По-новому взглянул на проблему религии Н. Немецкий философ провозгласил смерть Бога и одновременно говорил о слиянии души и тела. Ибо «тело — это большой разум». На место Бога Н. поставил непостигаемого разумом сверхчеловека. Он — «смысл земли» и обладает безграничной волей к власти. Воля к власти — это источник жизни, а добродетель — это «воля к гибели и стрела тоски». Сверхчеловек один лишь способен вернуть человечеству утраченный в религии смысл существования. И смерть для Н. столь же важный и свободный акт, как жизнь. Вот как звучит та мысль, что вспомнилась Булгакову в его смертный час: «Многие умирают слишком поздно, а некоторые — слишком рано. Ещё странно звучит учение: «умри вовремя!»
Умри вовремя — так учит Заратустра.
Конечно, кто никогда не жил вовремя, как мог бы он умереть вовремя? Ему бы лучше никогда не родиться! — Так советую я лишним людям.
Но даже лишние люди важничают ещё своею смертью, и даже самый пустой орех хочет, чтобы его разгрызли…
Совершенную смерть показываю я вам: она для живущих становится жалом и священным обетом.
Своею смертью умирает совершивший свой путь, умирает победоносно, окружённый теми, кто надеются и дают священный обет…
И каждый желающий славы должен уметь вовремя проститься с почестью и знать трудное искусство — уйти вовремя…
У одних сперва стареет сердце, у других — ум. Иные бывают стариками в юности; но кто поздно юн, тот надолго юн.
Иному не удаётся жизнь: ядовитый червь гложет ему сердце. Пусть же постарается, чтобы тем лучше удалась ему смерть». Подобно вечерней заре, в смерти должны гореть дух и добродетель. Такая смерть приближает появление сверхчеловека. Идёт вечное возвращение умерших на землю через череду новых рождений. «Вы могли бы пересоздать себя в отцов и предков сверхчеловека; и пусть это будет вашим лучшим созданием!» — обращается Н. к людям устами своего Заратустры, имеющего мало общего с основателем зороастризма. Нельзя создать Бога, но сильная воля поможет создать сверхчеловека.
Булгаковский Мастер — это лишний человек в советском обществе. Но в смерти он возвысился и получил в награду покой и возможность творить возрождаться в новых художественных образах. Мастер завершил свой путь, создал роман о Иешуа и Пилате, и теперь его смерть стала победой над берлиозами и латунскими.

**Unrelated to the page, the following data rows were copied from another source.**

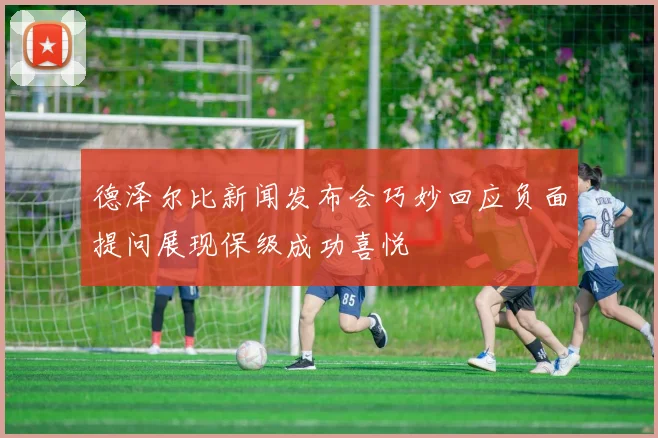 德泽尔比新闻发布会巧妙回应负面提问展现保级成功喜悦
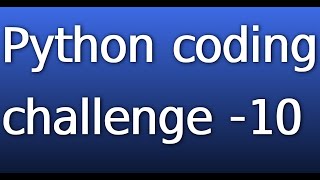 python coding challenge 10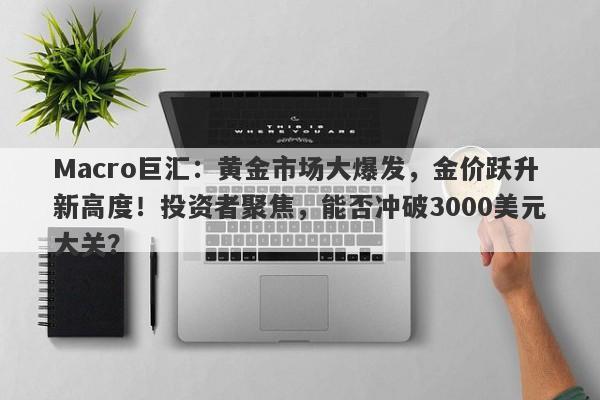 Macro巨汇：黄金市场大爆发，金价跃升新高度！投资者聚焦，能否冲破3000美元大关？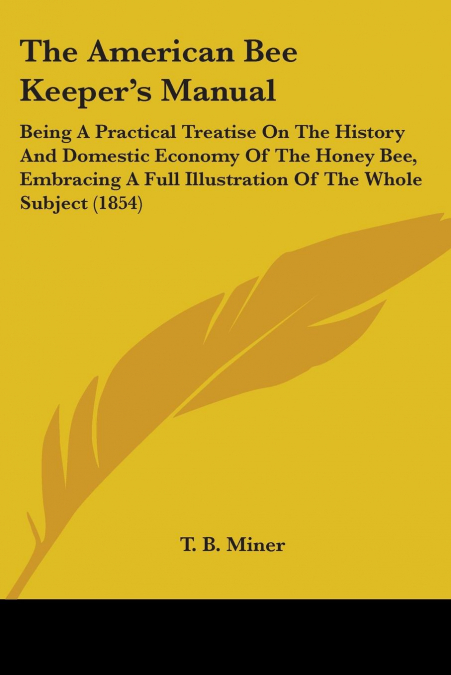 The American Bee Keeper’s Manual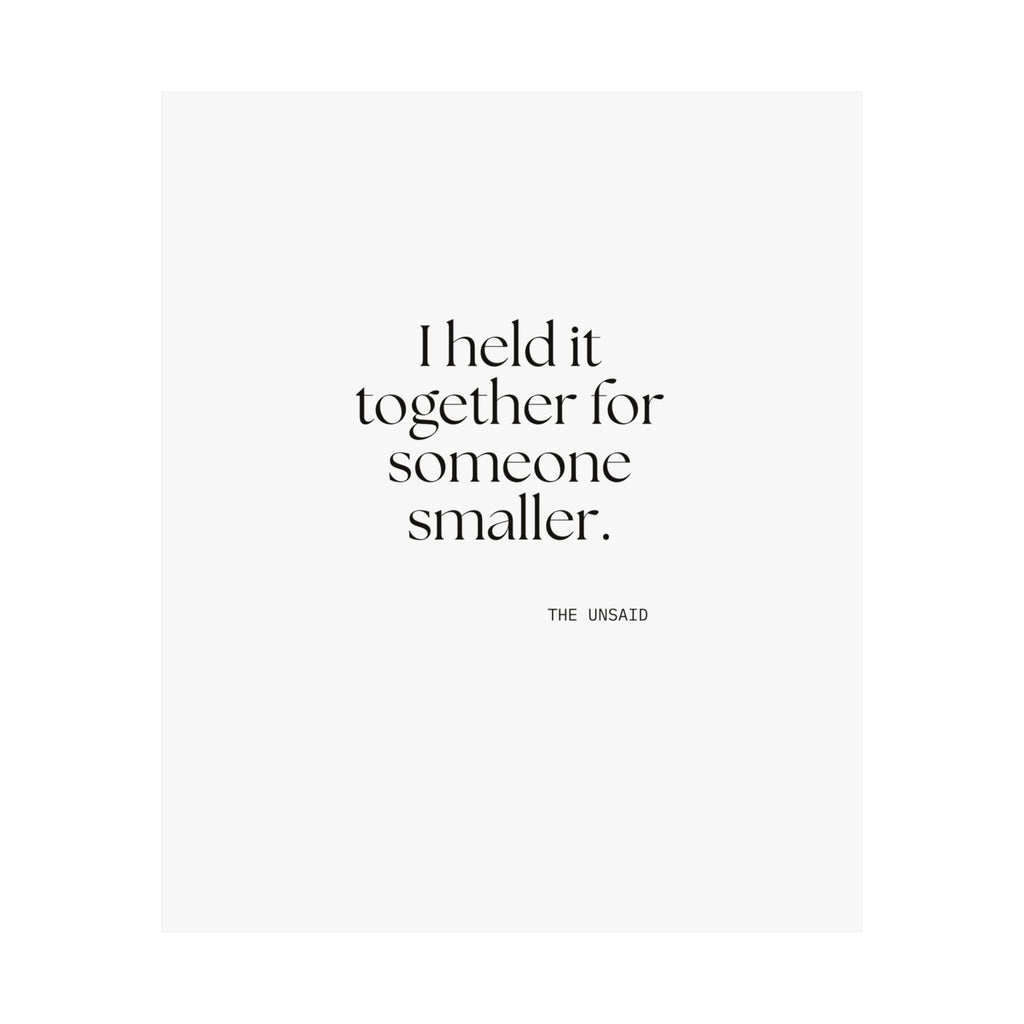 I held it together for someone smaller - Poster - Dry Humor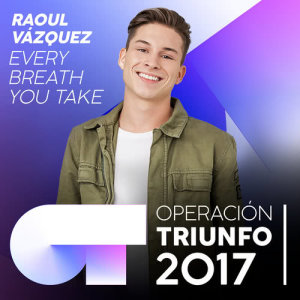 收聽Raoul的Every Breath You Take (Operación Triunfo 2017)歌詞歌曲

Неслучайно Булгаков в последние недели жизни вспомнил слова Н. о неудавшейся жизни и удавшейся смерти. Заключительные страницы «Мастера и Маргариты» пронизаны скрытыми цитатами из «Заратустры». Вот, например, знаменитый монолог: «Боги, боги мои! Как грустна вечерняя земля! Как таинственны туманы над болотами. Кто блуждал в этих туманах, кто много страдал перед смертью, кто летел над этой землёй, неся на себе непосильный груз, тот это знает. Это знает уставший. И он без сожаления покидает туманы земли, её болотца и реки, он отдаётся с лёгким сердцем в руки смерти, зная, что только она одна успокоит его».
А у Н. читаем: «Страданием и бессилием созданы все потусторонние миры, и тем коротким безумием счастья, который испытывает только страдающий больше всех.
Усталость, желающая одним скачком, скачком смерти, достигнуть конца, бедная усталость неведения, не желающая больше хотеть: ею созданы все боги и потусторонние миры».
Мастеру и его верной подруге «короткое безумие счастья» даровано в момент перехода в потусторонний мир. И мы так и остаёмся в неведении, верил ли Булгаков в существование потустороннего или вслед за Н. полагал, что оно создано лишь страданием уставших от жизни.